そのため、まず、歩行面が歩行者にとってどの程度滑り易いのかを調べる必要があるが、我が国ではその規定がないため、従来は被験者(測定者)が実際に歩行面を歩いて滑り易さを体感することにより評価することが一般的であった。しかし、この方法では、同一の歩行面であっても被験者によって滑り易さの評価にばらつきがあるため、客観的に評価することができず、また多段階で評価することも困難であった。
【0003】
歩行面の滑り具合(滑り度合い)を客観的に測定する装置として、例えば、英国振り子試験器(英国WESSEX社製の「スキッドレジスタンステスタ」)が挙げられ、これはアメリカ規格の「英国振り子試験器を使用する表面摩擦特性測定に関する標準方法(ASTM E303−83)」に採用されており、日本では株式会社トキメック自動建機が販売している(非特許文献1参照)。
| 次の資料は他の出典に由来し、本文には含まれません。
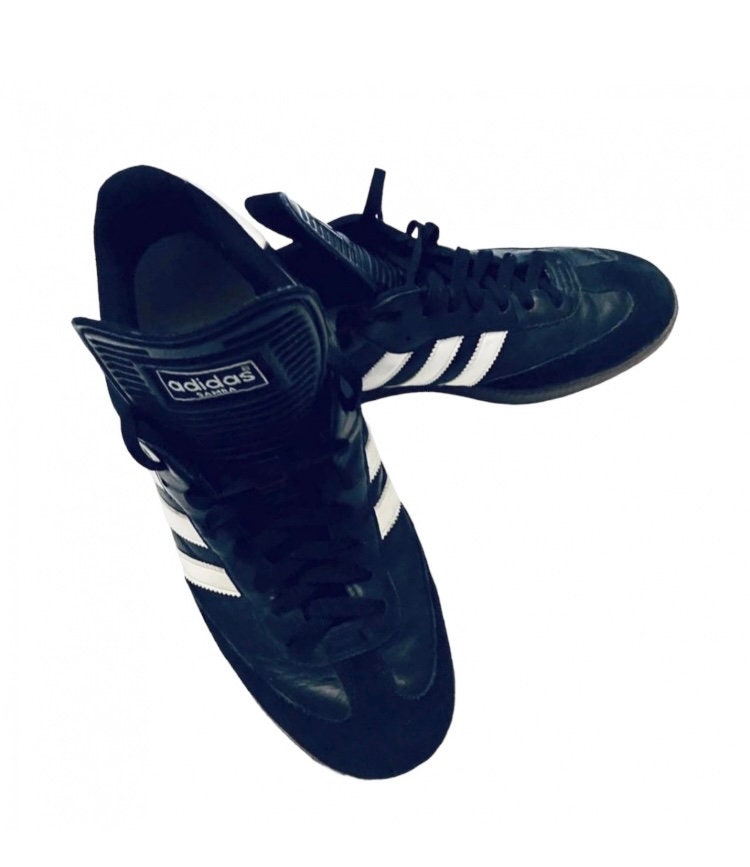 靴 adidas samba classic 00s 90s adidas Samba Classic Indoor | WeGotSoccer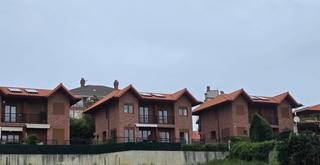 Maison jumelée à Calle bajada al puerto 16. ¡oportunidad única en suances!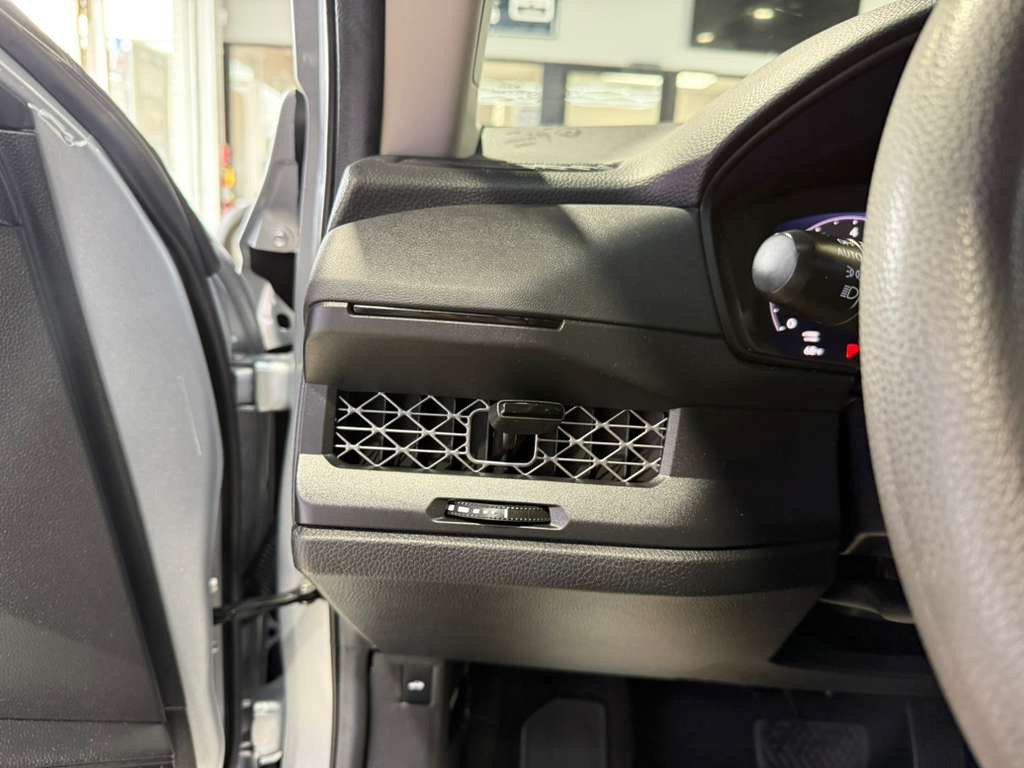 Used 2025 Honda Accord LX image 44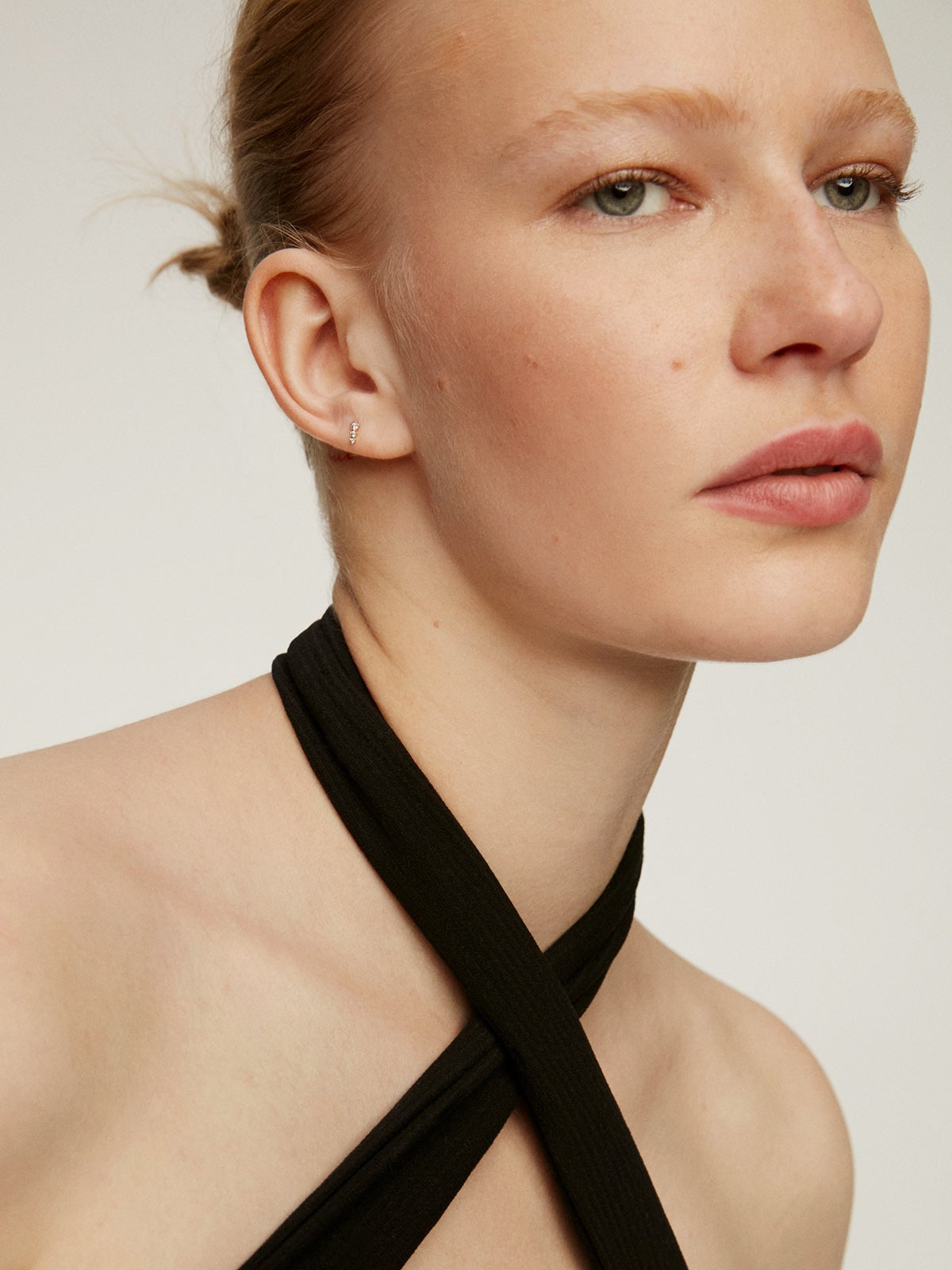 Pendiente individual de oro amarillo de 18K con triple diamante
なお、この測定器具による測定結果は、摩擦抵抗等を評価する他の評価方法とは無関係である。
【0004】
英国振り子試験器による摩擦特性の測定の概要は、まず、この振り子試験器を摩擦特性を測定したいあるいは滑り易さの評価を実施したい歩行面上に設置し、振り子先端にゴム製スライダを取り付けた振り子アームを水平位置にセットし、解除ボタンを押すことにより振り子アームをスウィングさせ、ゴム製スライダを歩行面に摺接させる。そして、スタート位置とは90°以上反対側へスウィングした振り子アームの最高位置がBPN値としてポインタにて表示される。歩行面の摩擦抵抗が大きい程、振り子アームのスウィングは小さくなり、BPN値は大きくなる。
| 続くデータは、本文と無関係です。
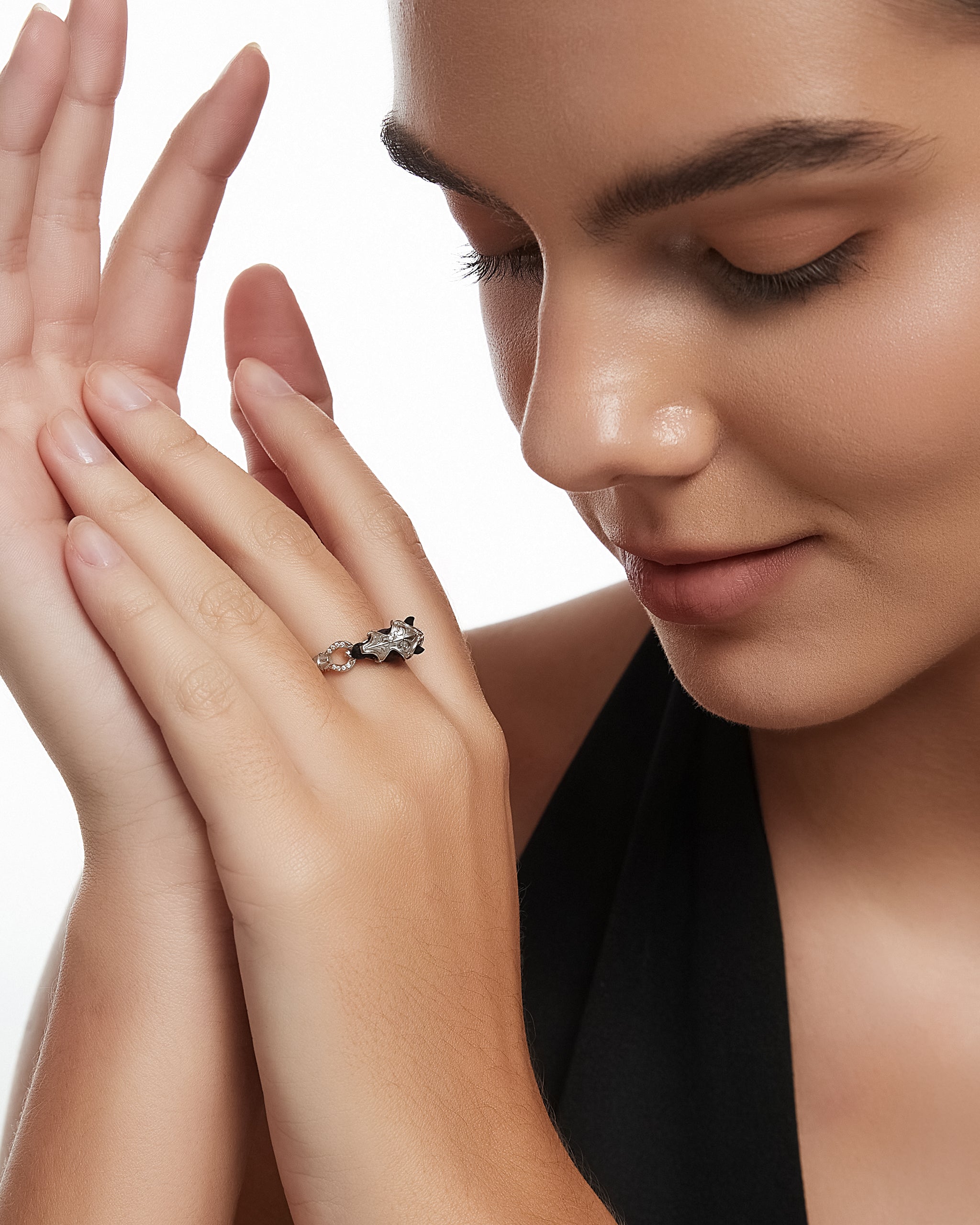 Bague Wild Range en argent sterling et agate noire avec moissanite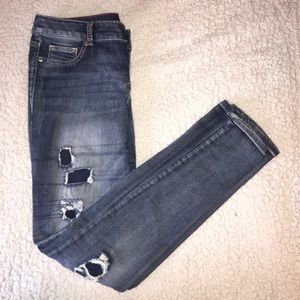 Stretchy ripped jeans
そして、同一の設置位置での測定を複数回行ってそれらの平均値を取り、歩行面の周辺箇所でも同様に測定し、複数箇所での平均値を取ることによって、測定対象範囲の測定値を求めることができる。
【非特許文献1】株式会社トキメック自動建機のホームページ、インターネット<URL:http://www.tokimec.co.jp/const/j/index.html>
【発明の開示】
【発明が解決しようとする課題】
【0005】
しかしながら、英国振り子試験器は非常に高価であるため、歩行面の滑り易さを評価するコストが高くついてしまい、歩行面滑り易さ評価を広く実施する上での障害となる。
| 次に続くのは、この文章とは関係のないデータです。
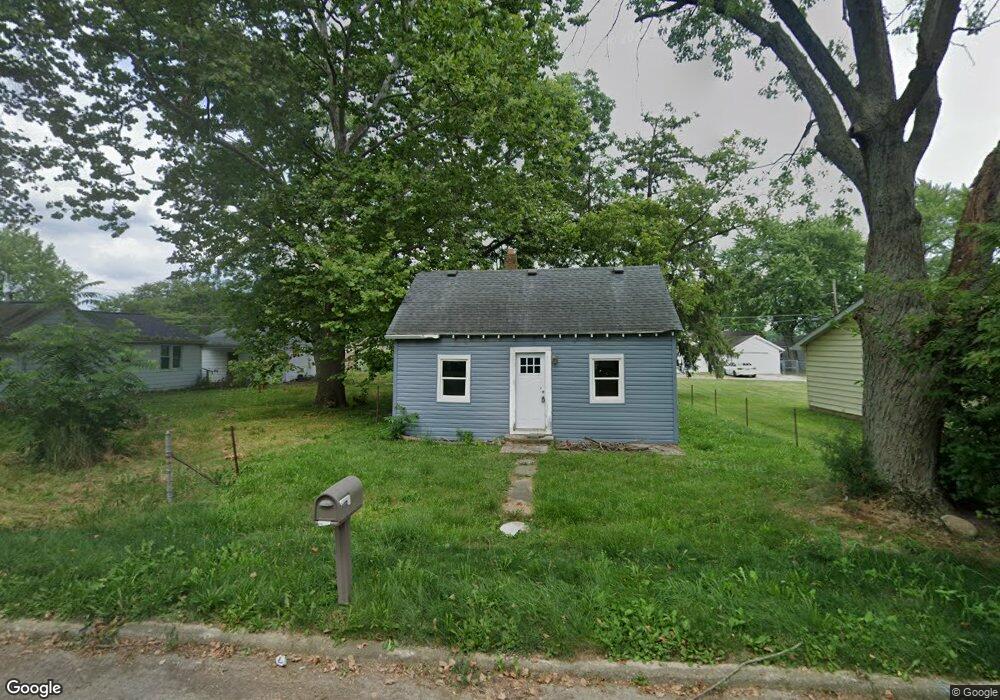 2208 S Waldemere Ave, Muncie, IN 47302 - photo 1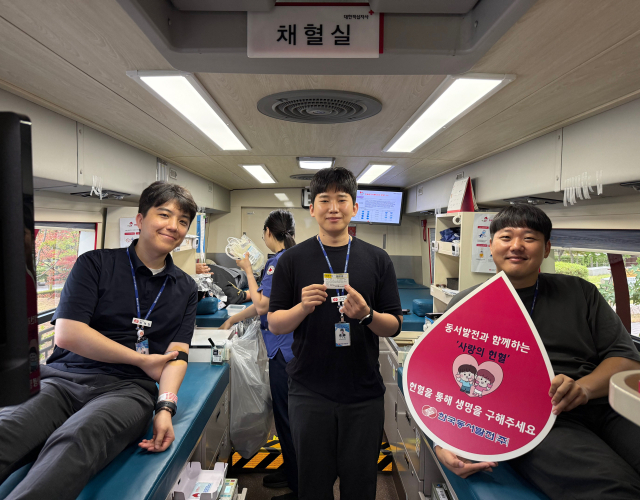 한국동서발전 본사 직원들이 사랑의 헌혈 행사에 참여하고 있다. 동서발전 제공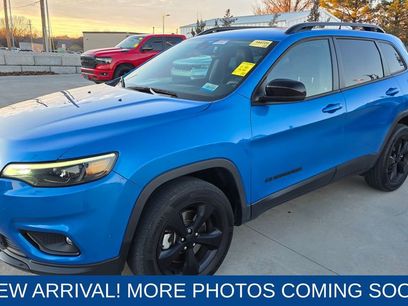 Used 2023 Jeep Cherokee Altitude Lux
また、この英国振り子試験器は、本来、舗装路面に対する自動車のタイヤのスリップ事故防止を目的に開発されたものと思われ、ゴム製スライダにはRoad Research Laboratory(道路調査研究所)の条件に合致する天然ゴム、または規格E-501に規定される通りの合成ゴムが使用されなければならない。
したがって、英国振り子試験器は、例えば、同一歩行面での乾燥した時と濡れた時の滑り易さの相対的な評価はできるが、歩行面が濡れた時に歩行者の履物の種類によって歩行面がどの程度滑り易さが変わるのかということや、歩行面および履物の材質による摩擦抵抗の関係など、実際の歩行環境により即した詳細な評価をするには不向きである。
【0006】
そこで、本発明は、実際の歩行環境により即した詳細な評価を、容易かつ低コストにて行うことができ、その他にも2つの部材の相対的な摩擦抵抗の測定に使用することができる摩擦抵抗測定キットおよび摩擦抵抗測定方法を提供することを目的とする。
【課題を解決するための手段】
【0007】
かくして、本発明によれば、平坦面とシート材との摩擦抵抗を測定する摩擦抵抗測定キットであって、傾斜面を有し前記平坦面上に設置される傾斜台と、前記傾斜台の傾斜面に沿って落下させる錘と、前記シート材と、平坦面上における前記傾斜台の近傍にシート材を介して設置される荷重測定器とを備え、前記荷重測定器は、前記傾斜台の傾斜面に沿って落下する前記錘と衝突する当接部と、錘から当接部に加えられた最大荷重を平坦面とシート材との摩擦抵抗値として測定する測定部と、該測定部にて測定された最大荷重を表示する表示部とを具備する摩擦抵抗測定キットが提供される。
【0008】
また、本発明の別の観点によれば、平坦面とシート材との摩擦抵抗を測定する摩擦抵抗測定方法であって、前記平坦面上に傾斜台を設置し、かつ前記平坦面上における前記傾斜台の近傍にシート材を介して荷重測定器を設置し、傾斜台の傾斜面に沿って錘を落下させて前記荷重測定器の当接部に衝突させることにより、荷重測定器によって錘から荷重測定器に加えられた最大荷重を平坦面とシート材との摩擦抵抗値として測定しかつ表示させる摩擦抵抗測定方法が提供される。
【発明の効果】
【0009】
本発明によれば、傾斜台、錘、シート材および荷重測定器という簡素な道具を用いて、被測定対象である平坦面とシート材の相対的な摩擦抵抗を客観的に容易かつ低コストにて測定することができる。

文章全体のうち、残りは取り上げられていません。